What is needed:
Work out how many lines in the entries contain the string "Jaipur", and give nothing but that number.

Data in this exercise:
+ + + +

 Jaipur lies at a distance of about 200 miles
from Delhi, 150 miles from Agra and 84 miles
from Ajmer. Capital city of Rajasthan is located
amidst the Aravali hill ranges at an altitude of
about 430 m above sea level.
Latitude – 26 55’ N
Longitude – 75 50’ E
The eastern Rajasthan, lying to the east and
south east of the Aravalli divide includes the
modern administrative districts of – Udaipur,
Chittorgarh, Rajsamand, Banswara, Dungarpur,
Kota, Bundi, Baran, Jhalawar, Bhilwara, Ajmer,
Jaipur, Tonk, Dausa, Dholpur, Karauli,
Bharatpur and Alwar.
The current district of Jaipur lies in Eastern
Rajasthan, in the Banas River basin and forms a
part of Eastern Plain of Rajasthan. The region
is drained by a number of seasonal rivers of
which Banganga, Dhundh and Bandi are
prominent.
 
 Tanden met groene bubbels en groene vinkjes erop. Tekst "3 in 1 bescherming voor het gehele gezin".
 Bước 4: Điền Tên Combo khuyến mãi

+ + + +

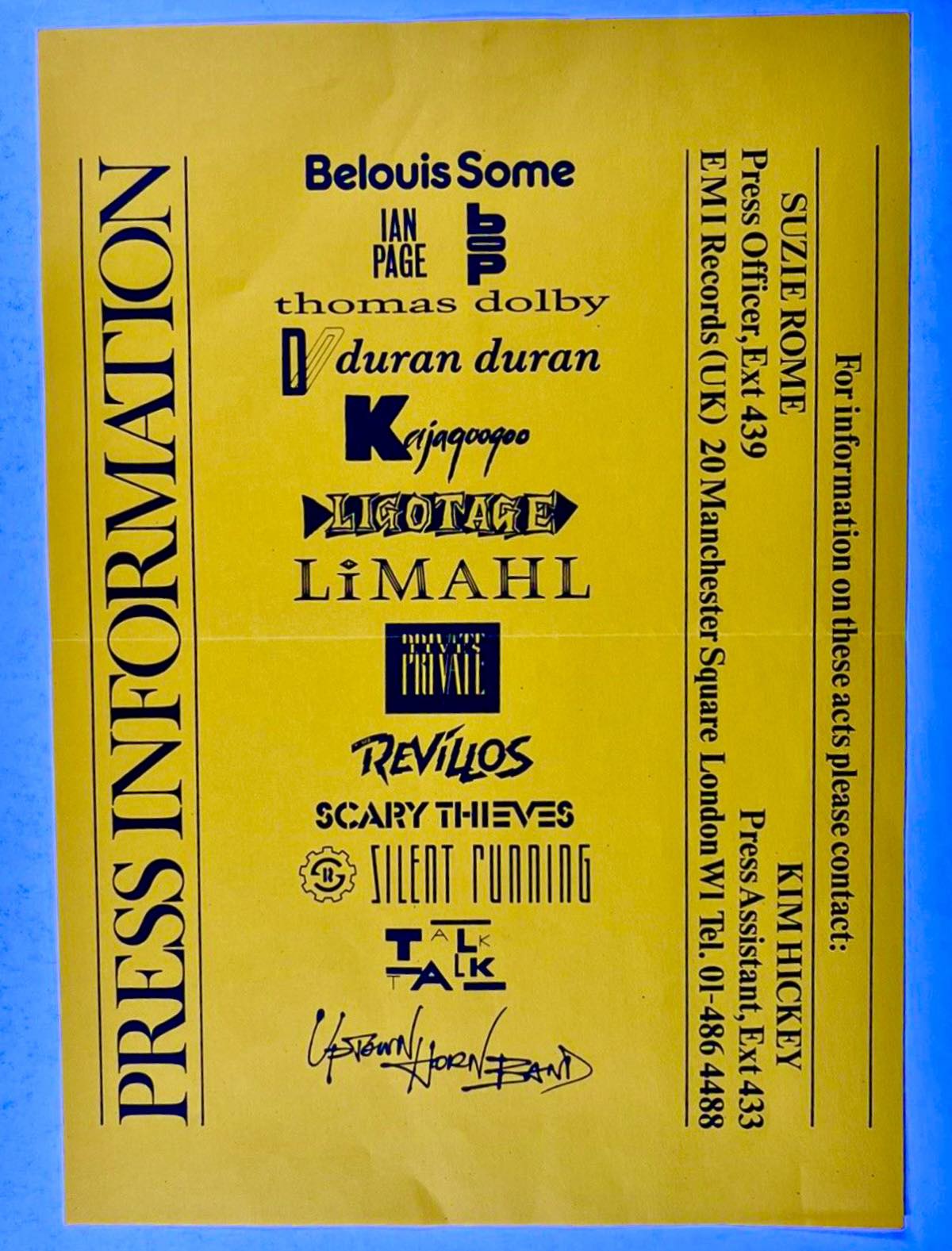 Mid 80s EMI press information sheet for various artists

+ + + +

Completed exercise:
3